Reduct Calculation and Discretization of Numeric
          Attributes in Sparse Decision Systems

                       Wojciech Swieboda and Hung Son Nguyen

                     Institute of Mathematics, The University of Warsaw,
                              Banacha 2, 02-097, Warsaw Poland


       Abstract. In this paper we discuss three problems in Data Mining Sparse Deci-
       sion Systems: the problem of short reduct calculation, discretization of numerical
       attributes and rule induction. We present algorithms that provide approximate so-
       lutions to these problems and analyze the complexity of these algorithms.


1   Introduction
In the paper we discuss algorithms for Data Mining [3] Sparse Decision Tables. We
first review basic notions of Information Systems, Decision Systems and Rough Set
Theory [9]. We introduce a convenient representation for sparse decision tables and
finally discuss algorithms for short reduct calculation, discretization and rule induction.

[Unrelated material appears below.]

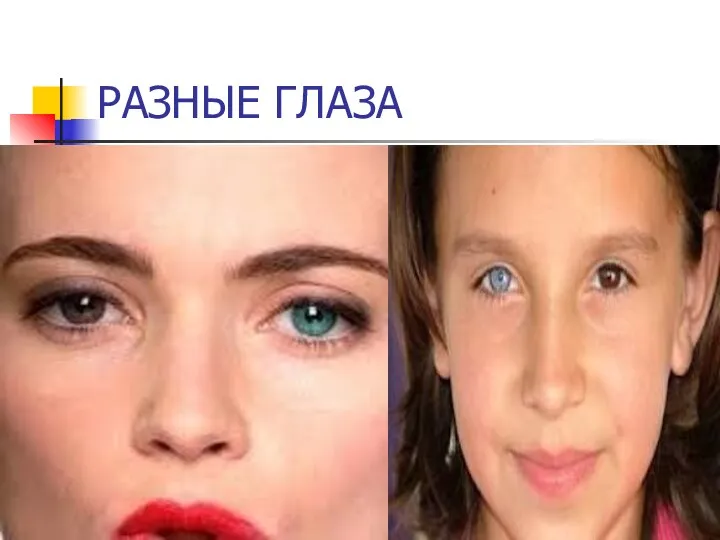 РАЗНЫЕ ГЛАЗА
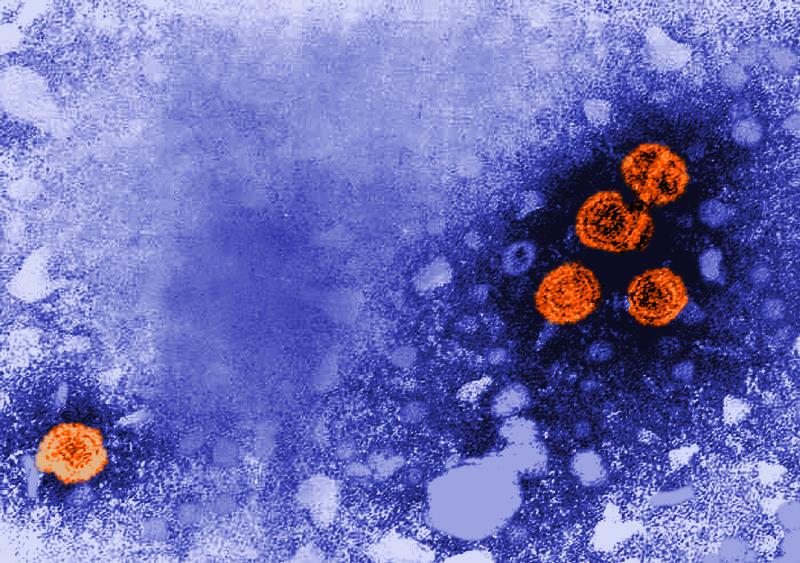 Hepatitis-B-Viruspartikel orange gefärbt; elektronenmikroskopische Aufnahme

2   Rough Set Preliminaries
An information system is a pair I = (U, A) where U denotes the universe of objects and
A is the set of attributes. An attribute a ∈ A is a mapping a : U → Va . The co-domain
Va of attribute a is often also called the value set of attribute a.
     A decision system is a pair D = (U, A∪{dec}) which is an information system with
a distinguished attribute dec : U → {1, . . . , d} called a decision attribute. Attributes in
A are called conditions or conditional attributes and may be either nominal or numeric
(i.e. with Va ⊆ R).
     Throughout this paper n will denote the number of objects in a decision system and
k will denote the number of conditional attributes.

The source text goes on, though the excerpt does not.